The first thing I noticed was the amount of English language magazines and books. I bought a Newsweek magazine for about $6.
Then I headed to the grocery department. I couldn’t believe my eyes! Saltine crackers, maple syrup, cake mixes, frostings, tortilla chips, canned soups. I’ms sure my eveys looked like a kid’s eyes in a candy store.
My favorite find was SALSA!!!! I didn’t even care how much it cost. (Not exactly true…) I had gotten used to a salsa type in Ukraine, but it is not available in Karaganda. I had tried some other stuff that was supposed to be the same, but it wasn’t.
It’s probably a good thing I don’t live in Almaty…my checkbook and bank account probably couldn’t survive!

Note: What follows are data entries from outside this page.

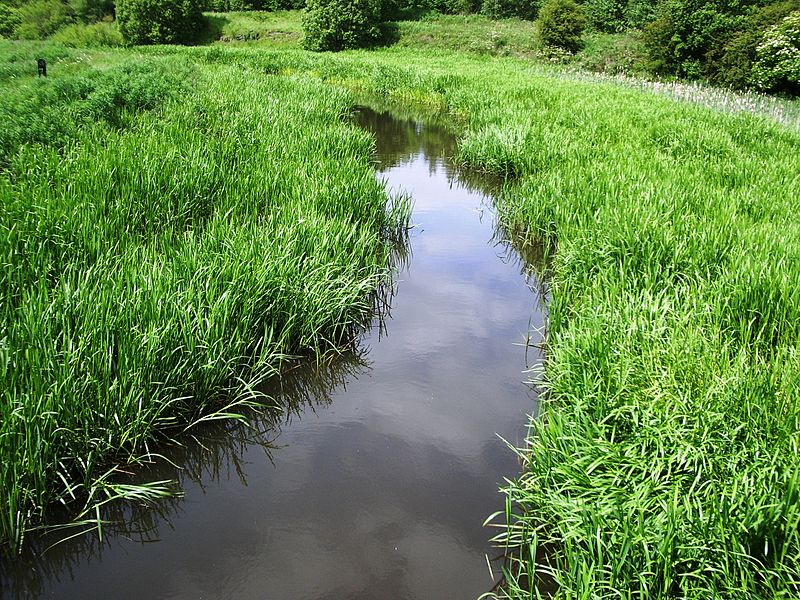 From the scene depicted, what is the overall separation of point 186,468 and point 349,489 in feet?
2.80

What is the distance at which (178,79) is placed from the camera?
502 inches

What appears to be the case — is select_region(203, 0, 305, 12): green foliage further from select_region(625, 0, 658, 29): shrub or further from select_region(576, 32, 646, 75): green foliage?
select_region(576, 32, 646, 75): green foliage

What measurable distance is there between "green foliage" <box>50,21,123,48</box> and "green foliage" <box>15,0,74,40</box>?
4.55 m

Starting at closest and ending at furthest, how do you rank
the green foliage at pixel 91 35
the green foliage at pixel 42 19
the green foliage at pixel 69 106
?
the green foliage at pixel 69 106 < the green foliage at pixel 91 35 < the green foliage at pixel 42 19

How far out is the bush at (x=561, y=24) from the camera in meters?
26.5

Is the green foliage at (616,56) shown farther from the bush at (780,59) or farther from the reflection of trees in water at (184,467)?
the reflection of trees in water at (184,467)

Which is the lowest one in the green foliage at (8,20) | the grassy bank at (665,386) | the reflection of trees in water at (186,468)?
the reflection of trees in water at (186,468)

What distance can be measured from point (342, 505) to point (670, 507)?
1399 mm

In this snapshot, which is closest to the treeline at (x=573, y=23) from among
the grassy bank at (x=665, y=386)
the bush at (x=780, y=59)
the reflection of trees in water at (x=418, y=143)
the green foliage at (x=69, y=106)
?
the bush at (x=780, y=59)

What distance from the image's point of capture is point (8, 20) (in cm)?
4484

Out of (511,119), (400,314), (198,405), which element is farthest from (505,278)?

I guess the biggest adjustment thus far has been not speaking English. To date, I haven’t met anyone in Karaganda that is a native English speaker. So, since I left Mick and David in Astana on Monday evening, I haven’t spoken but a couple of words in English (most of them to myself).
I’m not really worried about forgetting English since I do a fair amount of e-mailing, but certain words do seem to leave your vocabulary without use. I know a few times in Kiev, during conversation, a word would escape me.
On a brighter note, hopefully my Russian will dramatically improve. I need to find a conversation partner who can help me work on my grammar. The Russian language is complex with 6 cases and every noun is either male, female or neuter. So a word can have numerous endings depending on its usage.
Pray that I will get a better grip on the endings of Russian…and also that I don’t forget that other language I speak (what’s it called…oh, I remember, English!).
Blizzards and other things related
Since arriving, I have been told by numerous people that the worst weather months in Karaganda are February and March. It seems that as the weather begins to warm (I use this term figuratively) into the single and low teens, the wind picks up as does the snow and they have blizzards here.
Yesterday, as I was riding with a brother to another city nearby, he explained that it is impossible to see 1 or 2 meters in front of you. We witnessed trucks and street equipment out clearing the sides of the highways. He said that it was in preparation for the large amounts of snow that will pile up during these blizzards.
Later that afternoon, I was talking with the man who works at the parking lot where I park the car. He told me to begin preparing for the blizzards. He told me to stockpile water and food.
I guess that’s good advice. I’m a Texas boy and I know that everytime the weather forecasters mentioned snow or ice, everyone (and I do mean everyone) was at the grocery store stocking up. I guess we thought the snow or ice might stick around for several weeks instead of several days.
Now, being a Texas boy, I have only heard of blizzards. I have never witnessed one. However, there were times living in Wichita Falls that it seemed like someone forgot to close the door between us and Colorado as the cold wind came barreling from the north.
So, it will be interesting to see what one of these “burans” (blizzards) looks like. I just hope that I get to witness it from the comfort of my kitchen window (that looks out at Lenin’s statue) and not from the road while driving a car.
The apartment where I live has cable TV and CNN is on the system, so I was able to watch the President’s message live. How great is that!
Living overseas, a person feels disconnected from life in the US so it is great to be able to witness events like this take place…live on TV no less!
I was very moved when Bush acknowledged the lady from Iraq who had voted on Sunday, but I almost cried when he acknowledged the mother and father whose son died in the war in Iraq. It was incredible to watch this mother hug the woman from Iraq. I watched as Bush was choked up by the event that unfolded for all who were watching.
Still living the adventure in Karaganda,
Well, the move to Karaganda, Kazakhstan is complete, for now. Most of my personal belongings are still in Kiev. This is a temporary assignment until I sense whether or not the Lord wants me to move permanently to Kazakhstan.
The apartment where I live is in a great location…right in the center of the city. I have a not-so-perfect view of Lenin’s statue that still stands proudly in the central park.
However, I do like the prospect of being so close to the central department store and the grocery store.
I haven’t walked much to explore what else is nearby since the weather is so cold here. It has been below zero since arriving, but today finally got up to 7! Hurray!
The locals tell me that it will warm up some this month but then the snow will come. They can experience blizzards here as well.
As with most Soviet style cities, the hot water is heated in a central location and then piped to the apartments. For some reason though, my hot water really smells rank. The cold water does not smell that bad.